No ex-Minnesota U.S. Representative has ever come back to win a U.S. Senate election in the direct election era

It was reported last week that Republican Jason Lewis is mulling a bid to take on Tina Smith in next year’s Minnesota U.S. Senate election.

Lewis, long known as a commentator and talk show host, represented the state’s 2nd Congressional District for a single term in the 115th Congress before losing his seat by 5.5 points to DFLer Angie Craig last November.

The former congressman indicated he will not make a decision until the autumn, but would likely not have a clear path to the nomination with 2018 GOP nominee Karin Housley also poised to make another run at Smith.

Should Lewis run and win, he also would blaze a new pathway to the senate from the Gopher State. For in the direct election era, no non-sitting U.S. Representative from Minnesota has ever launched a winning U.S. Senate campaign.

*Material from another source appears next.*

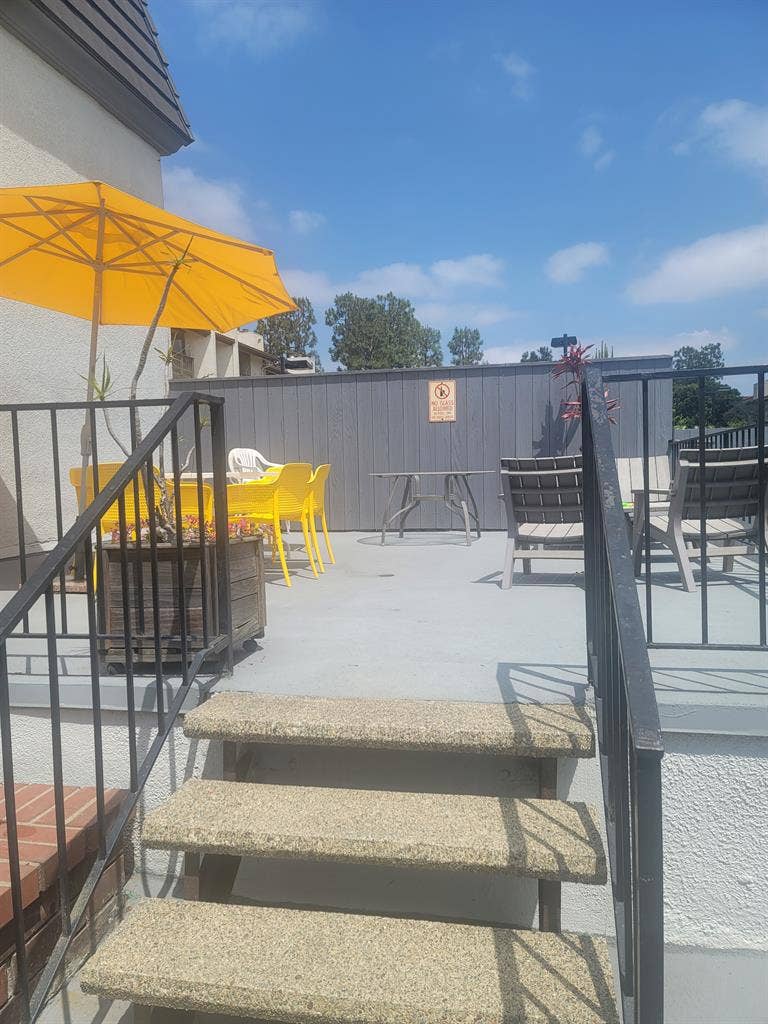 PRIVATE ROOM/SHARED BATH DEC 1ST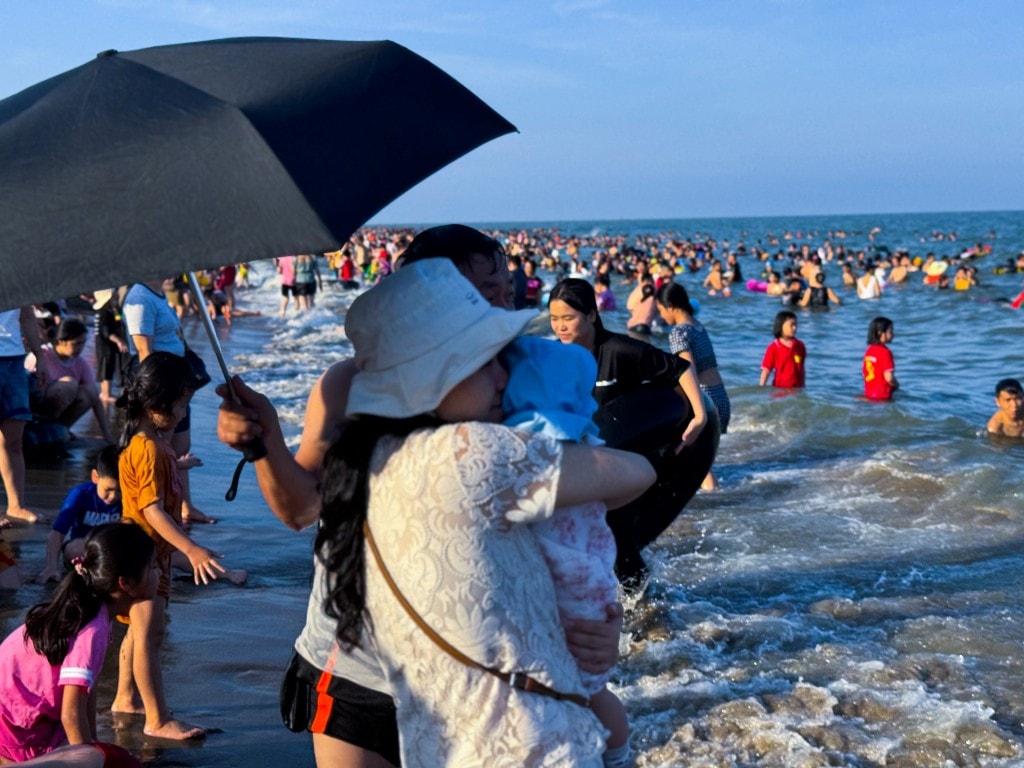 Sắp hết nghỉ lễ, biển Sầm Sơn vẫn đông nghịt người tắm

Overall, since the first Minnesota U.S. Senate primary in 1912, sitting or former members of the U.S. House have appeared on the primary or general election ballot 21 times.

Just four of these candidacies were successful – all by sitting members of the lower chamber.

The most recent U.S. Representative to win a senate seat in Minnesota was Rod Grams in 1994.

Grams was a freshman member of the house when he took advantage of Dave Durenberger’s ongoing legal issues to run for the senate (Durenberger was denounced by the chamber in 1990 for unethical conduct and pled guilty after leaving office in 1995 for misusing public funds).

Grams defeated Lieutenant Governor Joanell Dyrstad and former Governor Harold Stassen in the primary and rode his party’s national wave to record a 5.0-point win against DFLer Ann Wynia in the general election.

The first sitting U.S. House member to win a senate seat in a direct election was five-term Republican Thomas Schall in 1924.

Schall eked out a 0.5-point primary win against Supreme Court Justice Oscar Hallam with just 35.5 percent of the vote – a victory that still stands as the closest primary win for the office in state history.

Schall unseated Farmer-Laborite Magnus Johnson in the general election by less than a point and would serve two terms in the senate until his death in 1935.

Next was Republican turned Farmer-Laborite lawmaker Ernest Lundeen.

Lundeen served one term in the House from 1917-1919 and subsequently launched three failed attempts in U.S. Senate elections (in the 1922 and 1923 primaries as a Republican and in the 1930 general election as a Farmer-Laborite).

Lundeen also lost GOP primary elections to the House in 1914, 1918, and 1920 and general elections in 1920 (as an independent) and 1926 and 1929 (as a Farmer-Laborite) before winning an at-large seat in 1932 and the 3rd CD race in 1934.

In 1936, Farmer-Laborite Governor Floyd Olson had won his party’s U.S. Senate primary, but died in August of that year. Lundeen, who had easily won renomination to his congressional seat in mid-June, took Olson’s place on the ballot and notched a 24.5-point win against former governor (and sitting U.S. Representative) Theodore Christianson. Lundeen would serve until his death in a plane crash in August 1940.

The other U.S. Representative to be elected to the senate was DFLer Eugene McCarthy in 1958.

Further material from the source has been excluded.